Halls Hill: what’s around the bend?

Neighbors and city officials mull repairs to a damaged road at the island’s south end.

Neighbors and city officials mull repairs to a damaged road at the island’s south end.

With uphill neighbors worried about construction traffic and downhill residents concerned about runoff and stability, Public Works offered up plans for fixing dilapidated Halls Hill Road Tuesday night.

Designs for the road were welcomed by many at the meeting.

“It’s a mess. It’s dangerous for two cars to pass,” said Nate Thomas, a resident of nearby Taylor Avenue, as he mulled over design diagrams. “It is really important that the city move ahead.”

Public Works project manager Larry Ward said the idea was to present a “menu” of options.

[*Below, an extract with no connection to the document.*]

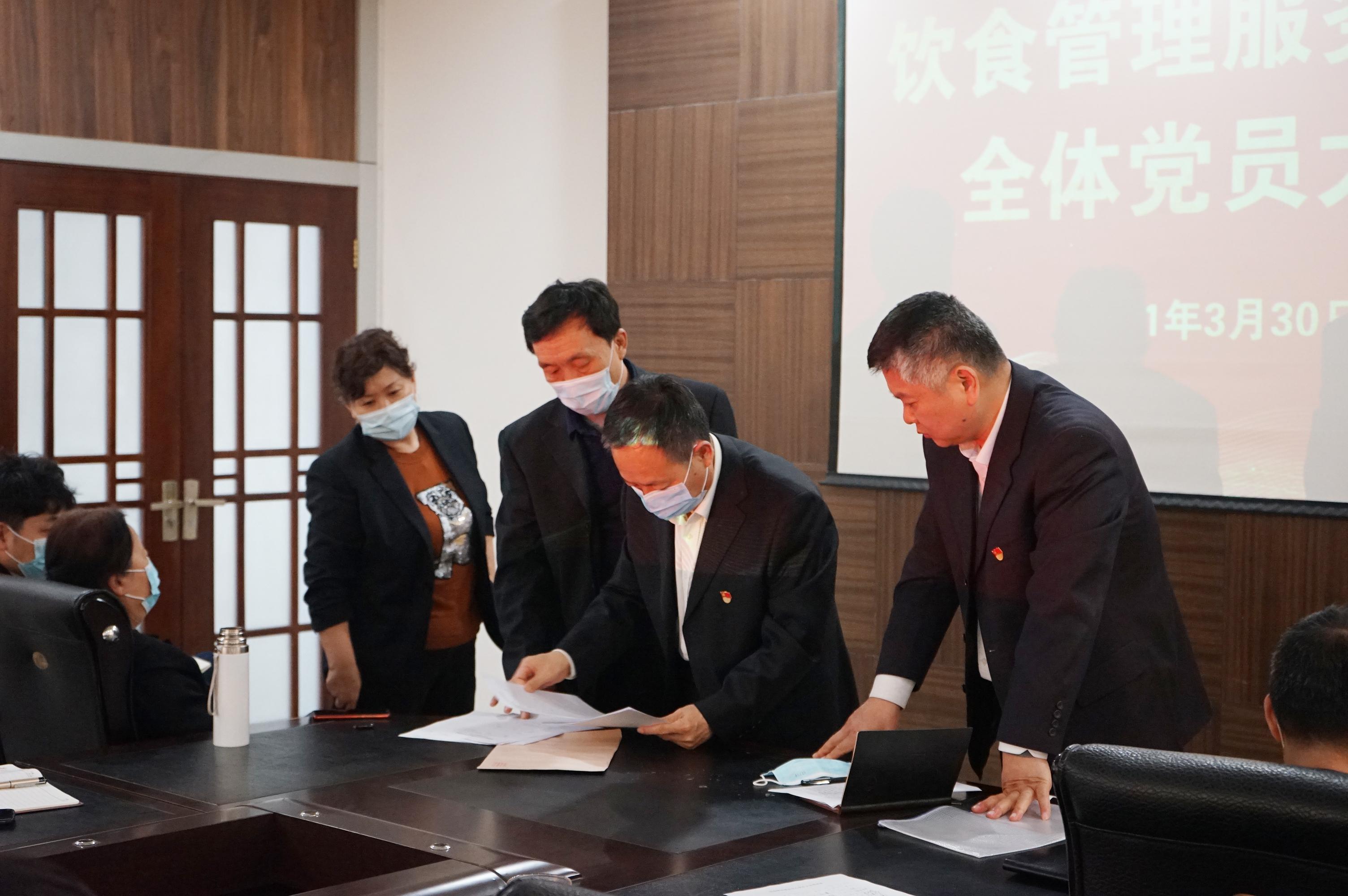 suncitygroup太阳集团网址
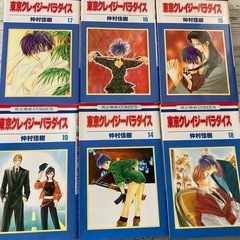 東京クレイジーパラダイス1から18の画像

Cardboard placards and diagrams showed two meat-and-potatoes repair jobs, and two higher-priced plans to widen and rebuild the entire road.

On the low end, a spot repair project would put asphalt over cracks and potholes created by years of wear and rain damage; add guard rails in the most treacherous stretches; and finish replacing the lines of sandbags with a raised curb, all at an estimated price of $280,000.

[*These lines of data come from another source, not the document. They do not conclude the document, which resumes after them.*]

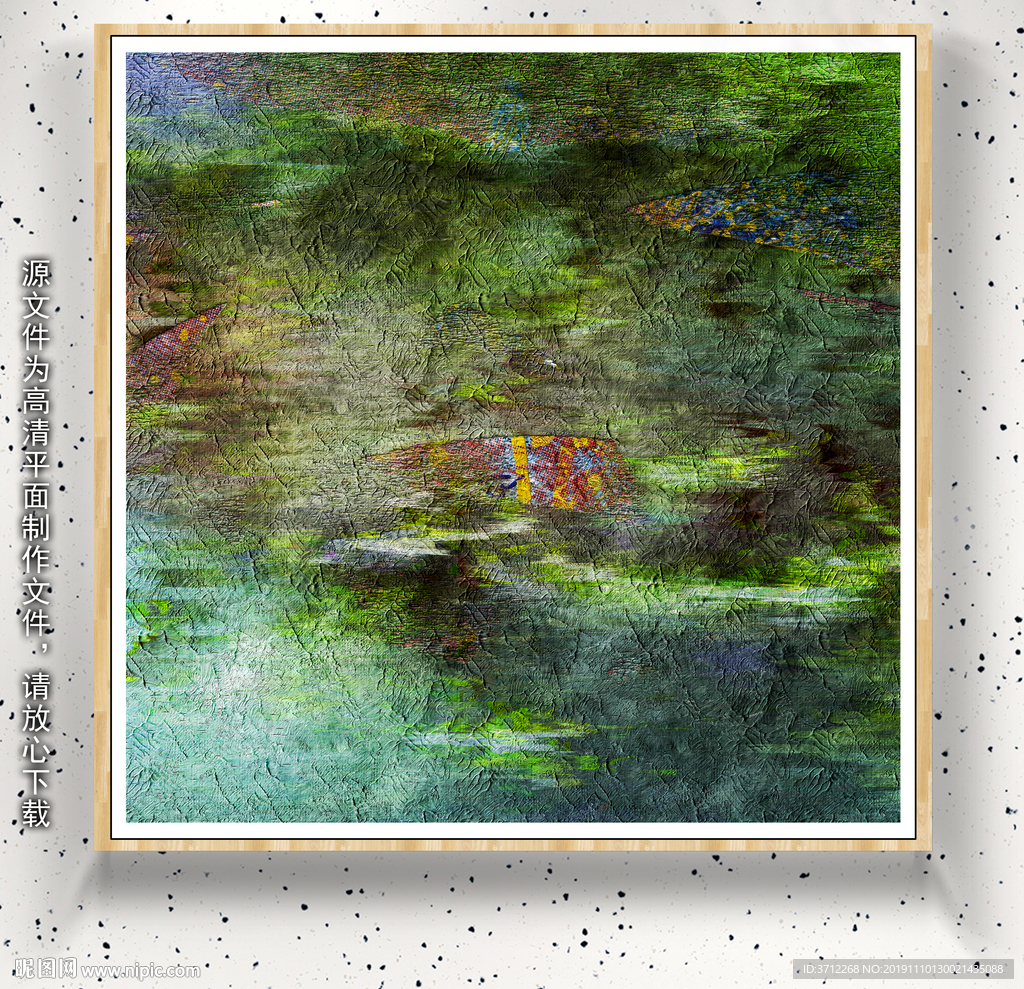 中式油画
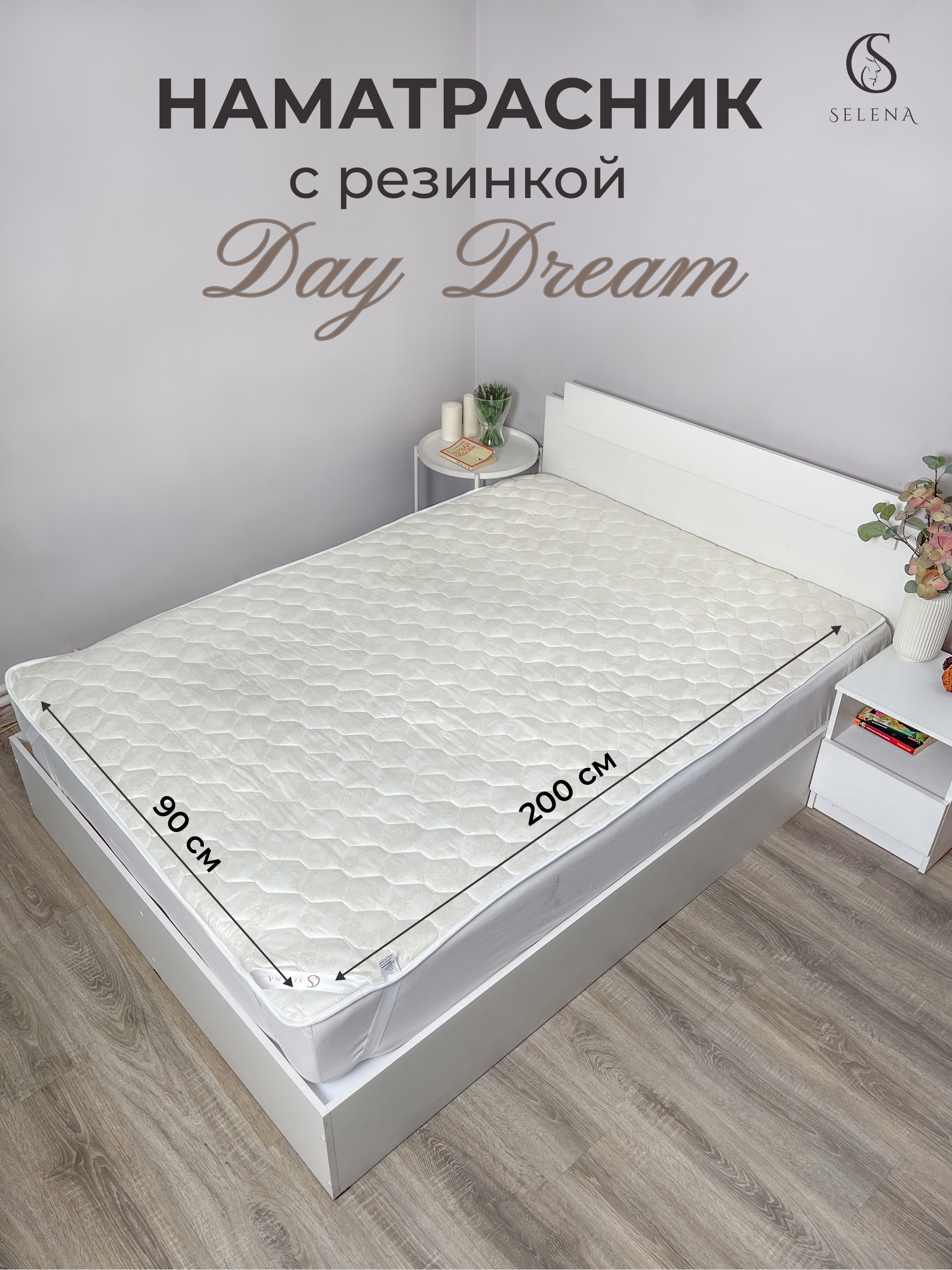 Наматрасник SELENA DayDream 90х200 см защитный с резинкой по углам - фото 1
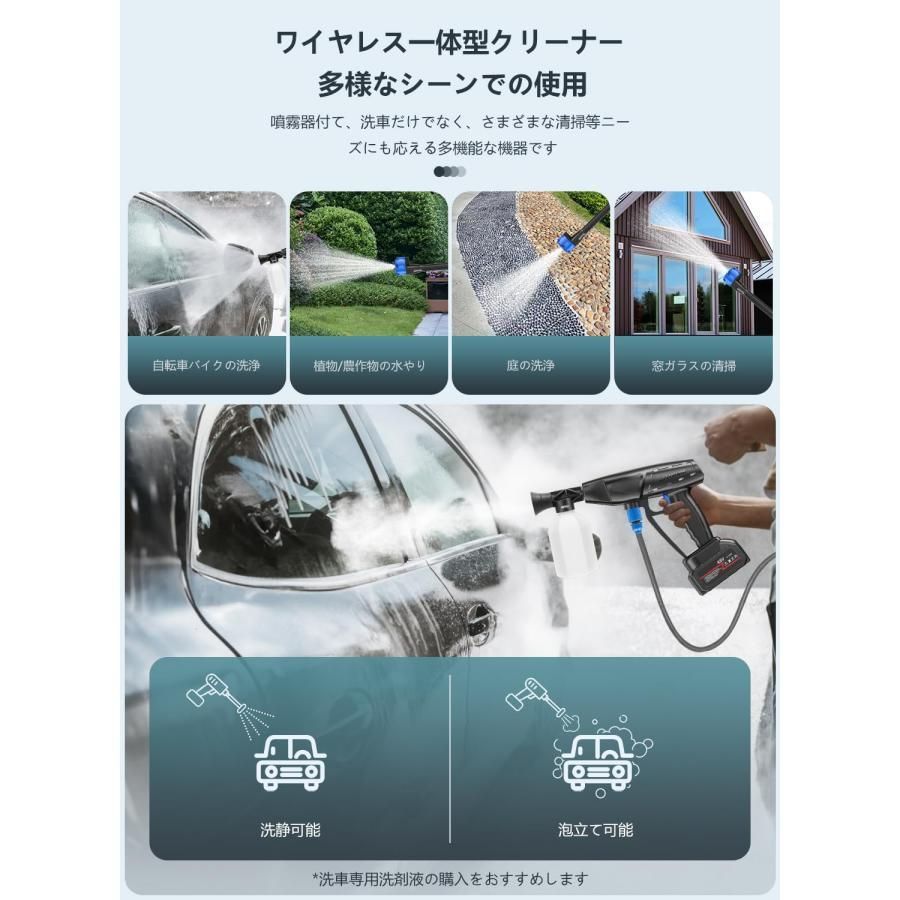 今日大特価 高圧洗浄機 コードレス 充電式 水圧洗浄機 家庭用 洗車 5MPa最大吐出圧力 自吸式 ポータブル 正規品 高圧 洗車機 強力噴射 6段階  小型 高性能 人気 洗車 屋外 - メルカリ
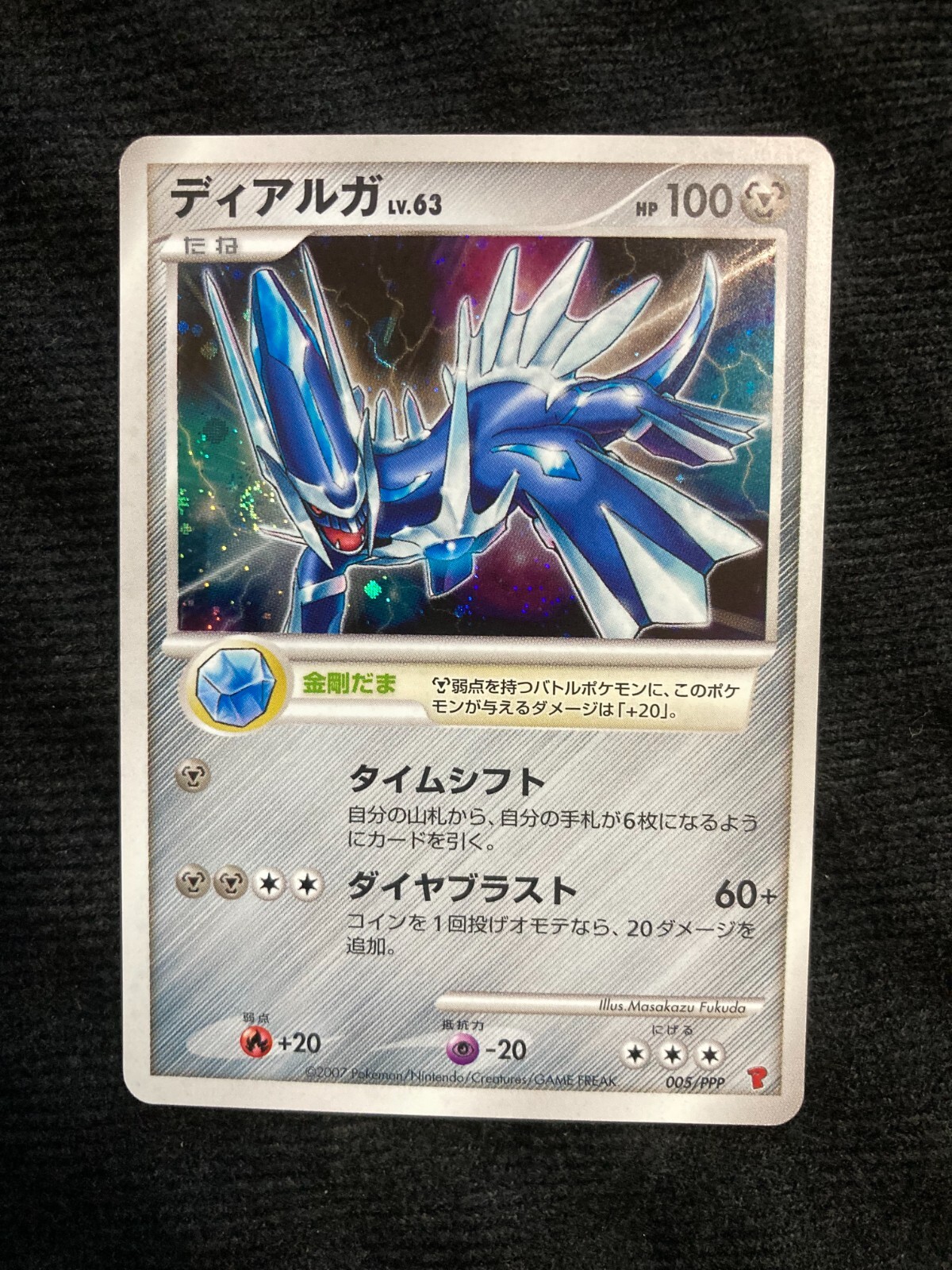 【PSA9】ディアルガ プレイヤーズプロモ だいすきクラブ　005/PPP 005/PPP ディアルガ： 第5期プレイヤーズけいけんち5,000～6,900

A more comprehensive $475,000 project would level the roadway, add storm drainage with water catchments, overlay the grade with two inches of asphalt and run a guard rail the length of the road.

The two more intensive options would widen the roadway by three feet by cutting into the uphill slope and adding a retaining wall. The extra room would accommodate a bike lane but would require the removal of trees downhill of the road.

The construction of the new roadway would run $1.075 million with a rock retaining wall or $1.745 million if a concrete wall was used.

Also displayed was a design to build a curved, five-way stop at the intersection of Halls Hill, Blakely Avenue, Blakely Hill Road, Seaborn Road and 3-T Road, which would provide a turnaround for trucks.

Ward said that every one of the roughly two-dozen respondents favored the two repair plans that would reopen the roadway to truck traffic the soonest.

Like any project, the decision will be largely driven by the budget, City Engineer Bob Earl said.

Unless money for Halls Hill is set aside in the city budget, Public Works would use money from its general road maintenance fund to make some repairs, but not enough to lift the three-ton weight limit that has been imposed on the road.

“Anything we can do to make (residents) feel safer than they did yesterday is what we’ll do,” Earl said.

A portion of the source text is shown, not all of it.